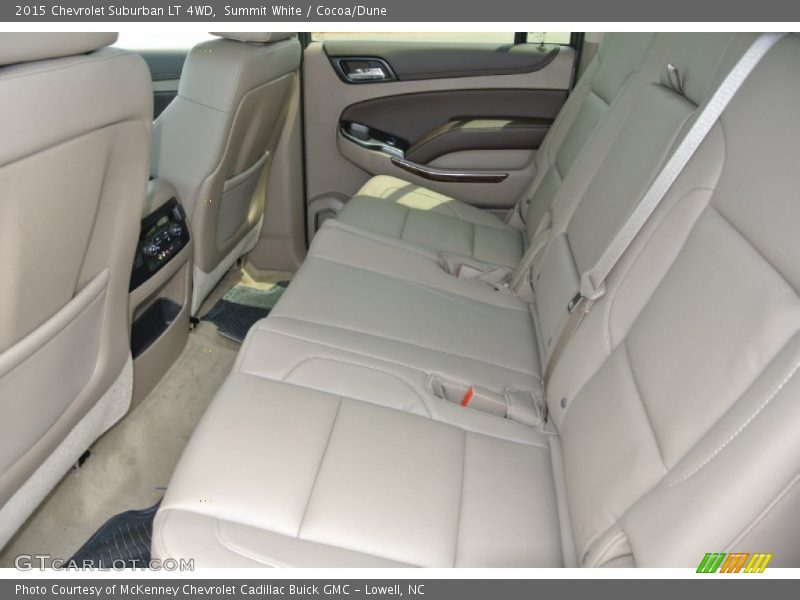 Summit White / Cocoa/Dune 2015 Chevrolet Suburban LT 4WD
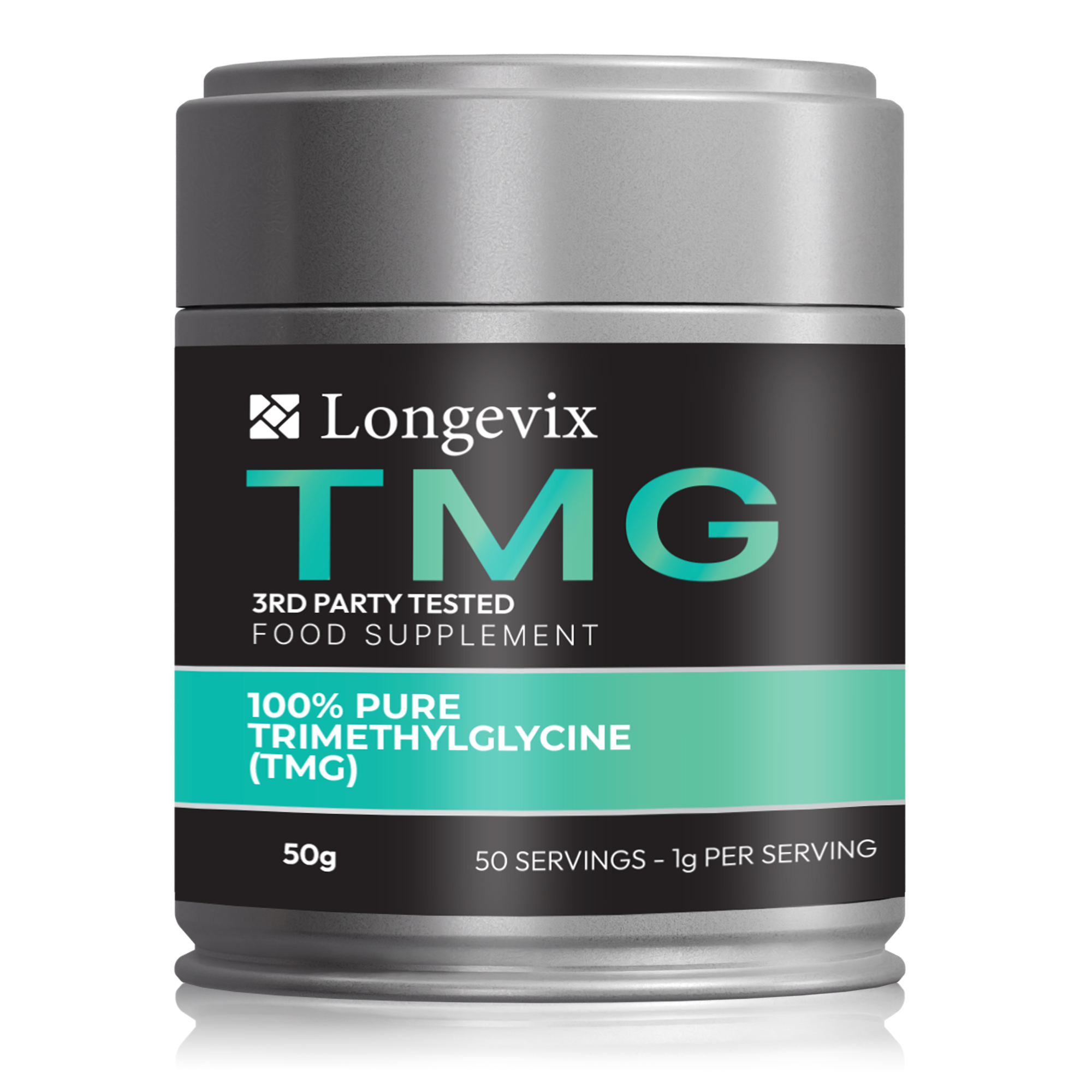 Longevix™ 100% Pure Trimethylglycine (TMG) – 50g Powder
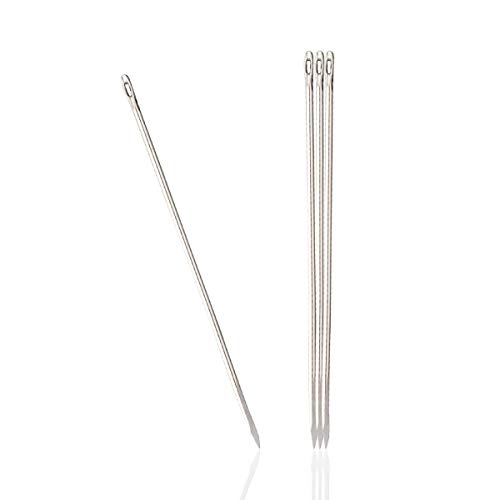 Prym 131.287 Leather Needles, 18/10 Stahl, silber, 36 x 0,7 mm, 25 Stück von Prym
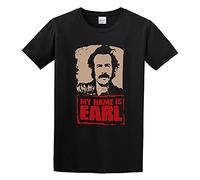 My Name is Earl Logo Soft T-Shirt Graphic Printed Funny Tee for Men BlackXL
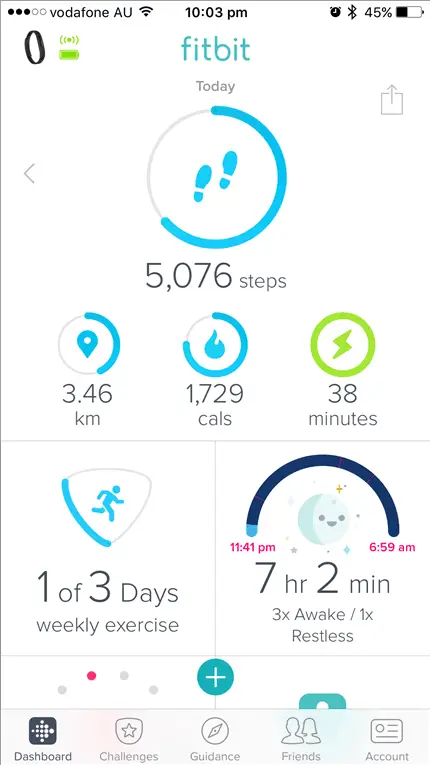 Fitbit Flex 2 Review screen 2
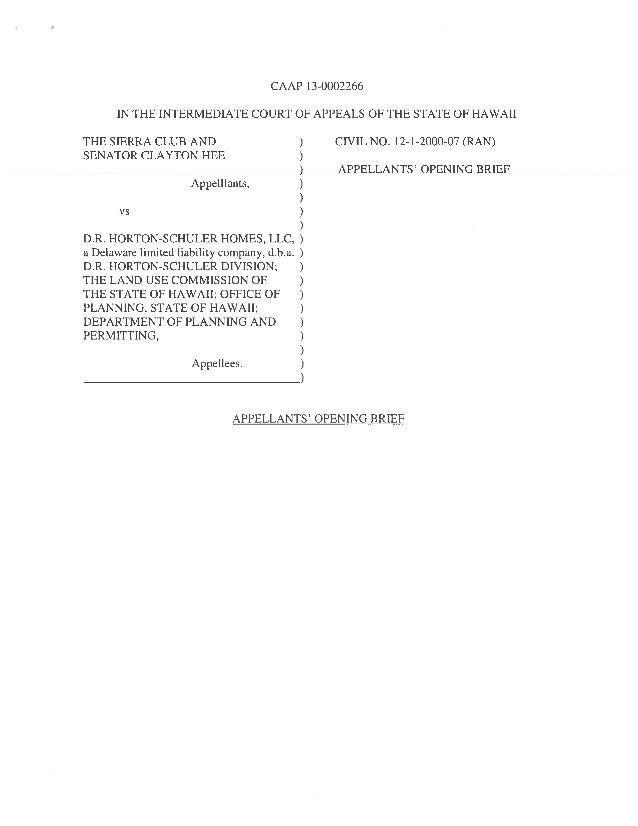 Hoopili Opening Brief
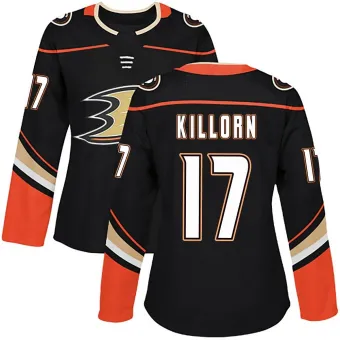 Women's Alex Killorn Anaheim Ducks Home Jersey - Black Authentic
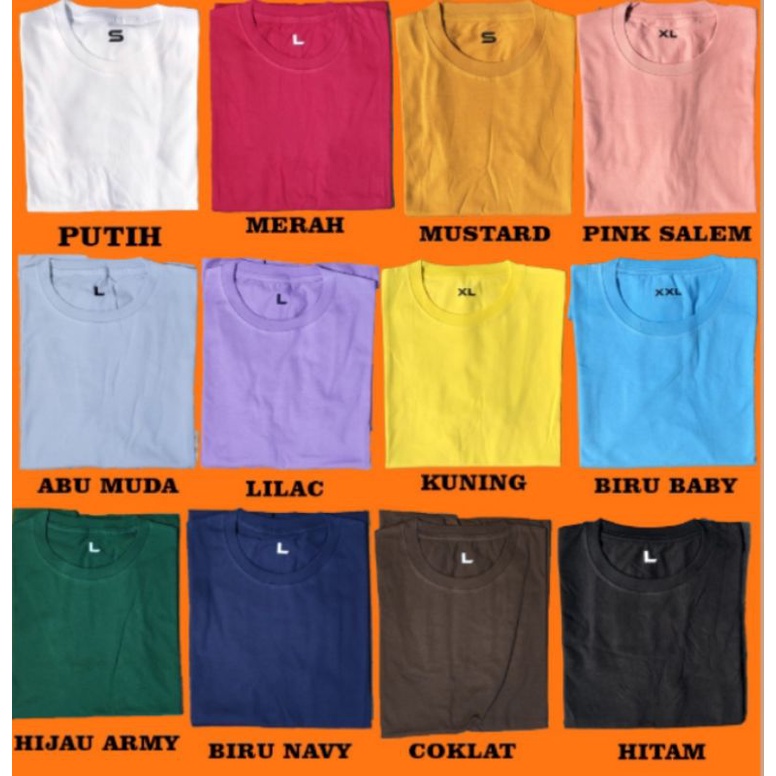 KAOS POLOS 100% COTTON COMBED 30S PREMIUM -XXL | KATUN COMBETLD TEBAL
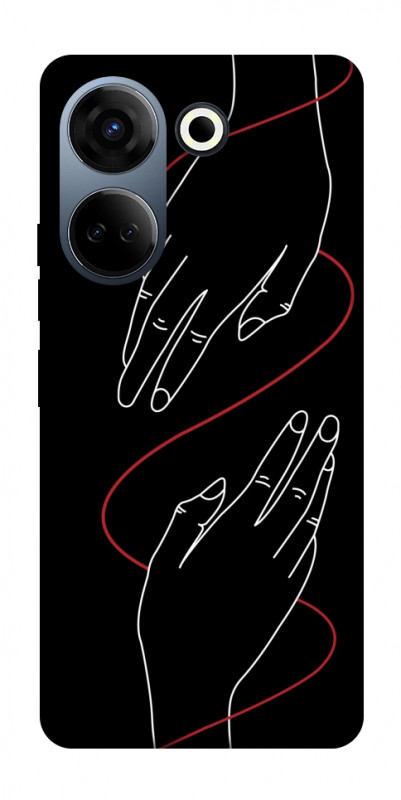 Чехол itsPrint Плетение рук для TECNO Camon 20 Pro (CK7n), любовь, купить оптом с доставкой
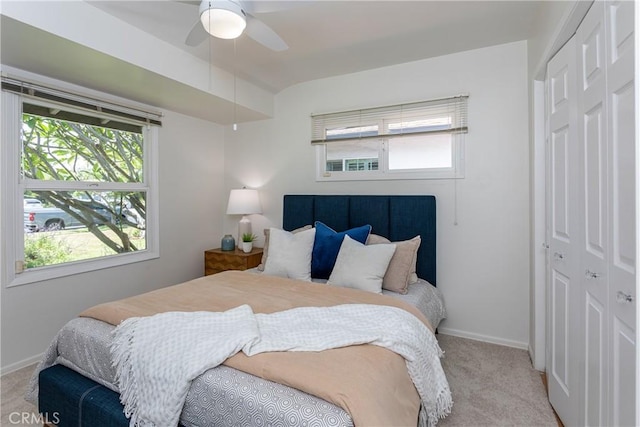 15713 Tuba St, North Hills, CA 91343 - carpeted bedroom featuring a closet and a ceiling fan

****************************************

Aim of the exercise: The line containing "My Name is Earl" and every line after it, up to the last line of the data, should be returned exactly, without the pictures.

Exercise response:
 My Name is Earl Logo Soft T-Shirt Graphic Printed Funny Tee for Men BlackXL
 Fitbit Flex 2 Review screen 2
 Hoopili Opening Brief
 Women's Alex Killorn Anaheim Ducks Home Jersey - Black Authentic
 KAOS POLOS 100% COTTON COMBED 30S PREMIUM -XXL | KATUN COMBETLD TEBAL
 Чехол itsPrint Плетение рук для TECNO Camon 20 Pro (CK7n), любовь, купить оптом с доставкой
 15713 Tuba St, North Hills, CA 91343 - carpeted bedroom featuring a closet and a ceiling fan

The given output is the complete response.